- Goal of the exercise
Search the data for "image" and copy every matching line.

- Exercise material
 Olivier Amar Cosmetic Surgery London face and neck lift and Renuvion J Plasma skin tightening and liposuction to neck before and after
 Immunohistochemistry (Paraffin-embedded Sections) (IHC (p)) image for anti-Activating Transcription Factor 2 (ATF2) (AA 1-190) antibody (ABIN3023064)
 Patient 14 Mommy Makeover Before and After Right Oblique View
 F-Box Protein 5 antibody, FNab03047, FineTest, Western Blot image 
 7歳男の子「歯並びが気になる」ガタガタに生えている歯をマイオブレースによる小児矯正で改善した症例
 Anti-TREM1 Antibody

...

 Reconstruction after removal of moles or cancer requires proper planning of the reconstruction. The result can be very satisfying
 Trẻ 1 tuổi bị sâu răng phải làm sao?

- Result for this task
 Immunohistochemistry (Paraffin-embedded Sections) (IHC (p)) image for anti-Activating Transcription Factor 2 (ATF2) (AA 1-190) antibody (ABIN3023064)
 F-Box Protein 5 antibody, FNab03047, FineTest, Western Blot image 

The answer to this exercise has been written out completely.